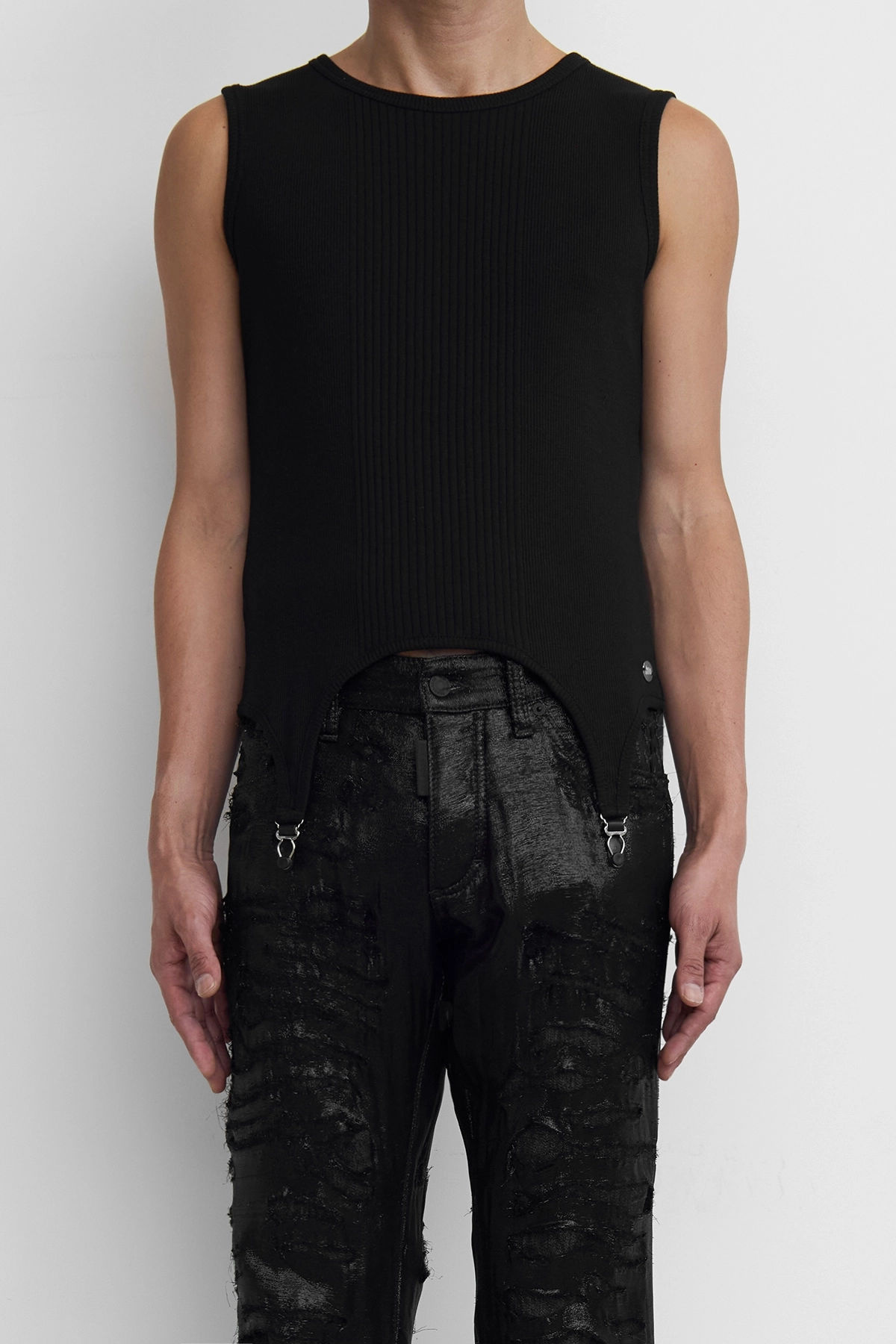 Jean Paul Gaultier ブラック タンクトップ Jean Paul Gaultier 'The Garter' Ribbed Tank Top Black – ESSXNYC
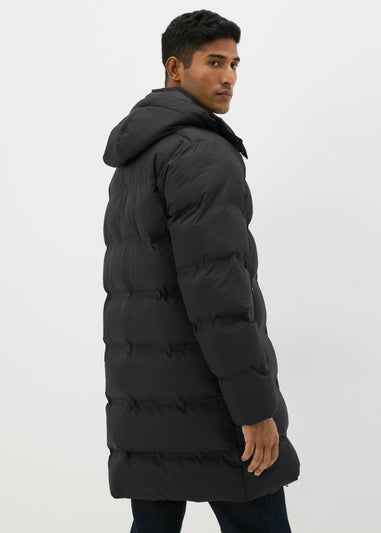 Black Longline Puffer Coat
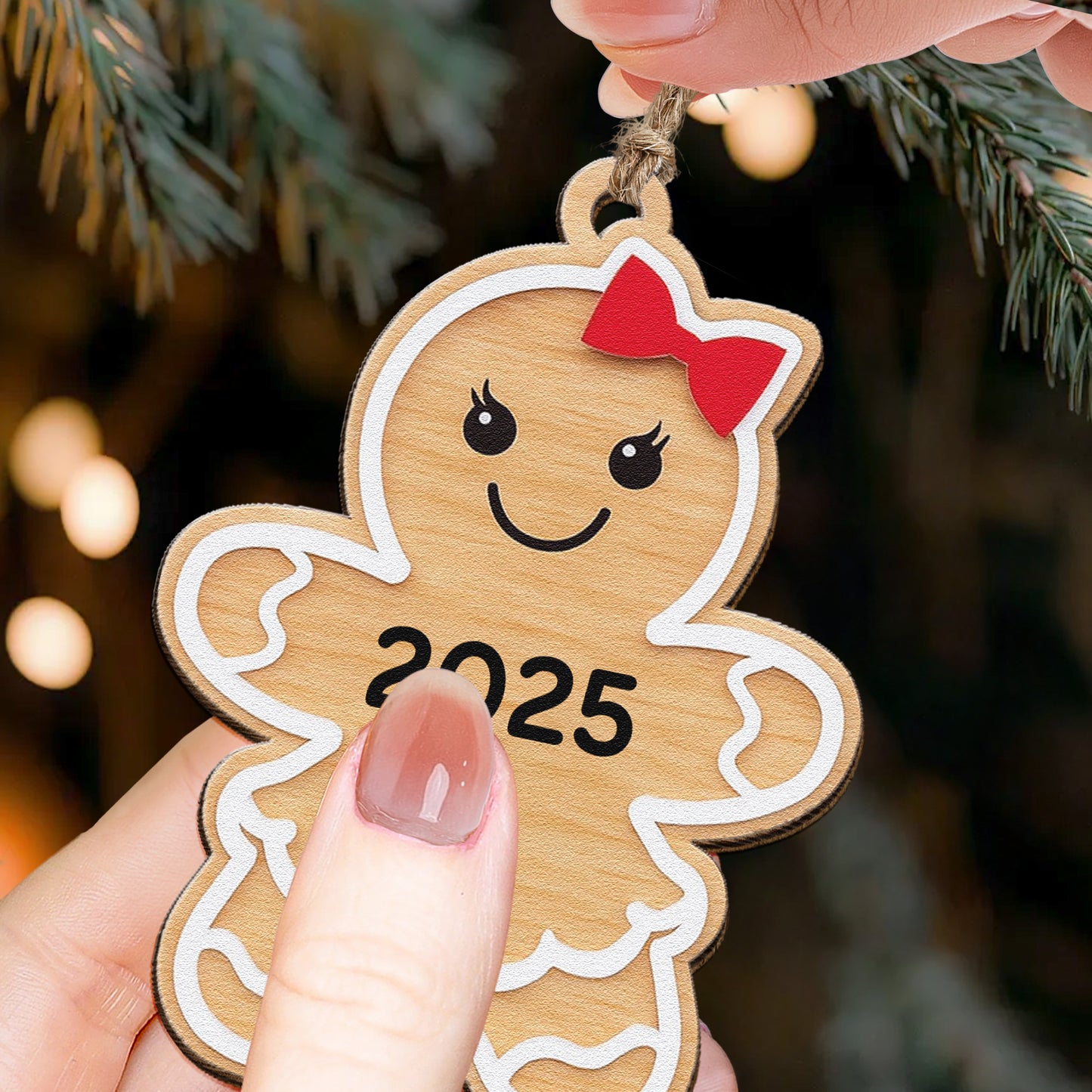 Gingerbread Christmas Cookie - Wooden Ornament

> _WHAT YOU HAVE TO DO_
Transcribe the material exactly, and leave out whatever pictures it holds.

> _ANSWER SPACE_
 Jean Paul Gaultier ブラック タンクトップ Jean Paul Gaultier 'The Garter' Ribbed Tank Top Black – ESSXNYC
 Black Longline Puffer Coat
 Gingerbread Christmas Cookie - Wooden Ornament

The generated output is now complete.